- **WORK INSTRUCTIONS**:
Once the line containing "מלון Radisson 4*" is found in the entries below, restate it and each following line word for word, stopping after the line containing "2219 Gadsden Photo 9".

- **MATERIAL SHOWN**:
++++++++++++++++++++

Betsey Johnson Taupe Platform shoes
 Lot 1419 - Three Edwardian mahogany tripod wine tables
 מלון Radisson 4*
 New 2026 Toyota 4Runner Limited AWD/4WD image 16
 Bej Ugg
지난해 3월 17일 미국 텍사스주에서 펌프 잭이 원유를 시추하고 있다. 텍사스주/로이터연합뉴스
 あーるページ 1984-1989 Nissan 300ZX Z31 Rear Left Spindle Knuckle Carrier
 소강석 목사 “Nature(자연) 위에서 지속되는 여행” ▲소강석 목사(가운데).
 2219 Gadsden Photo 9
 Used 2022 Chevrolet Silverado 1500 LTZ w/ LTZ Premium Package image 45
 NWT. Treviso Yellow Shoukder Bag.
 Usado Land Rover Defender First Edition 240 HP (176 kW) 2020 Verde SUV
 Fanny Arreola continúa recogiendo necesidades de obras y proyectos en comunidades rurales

++++++++++++++++++++

- **EXERCISE RESPONSE**:
 מלון Radisson 4*
 New 2026 Toyota 4Runner Limited AWD/4WD image 16
 Bej Ugg
지난해 3월 17일 미국 텍사스주에서 펌프 잭이 원유를 시추하고 있다. 텍사스주/로이터연합뉴스
 あーるページ 1984-1989 Nissan 300ZX Z31 Rear Left Spindle Knuckle Carrier
 소강석 목사 “Nature(자연) 위에서 지속되는 여행” ▲소강석 목사(가운데).
 2219 Gadsden Photo 9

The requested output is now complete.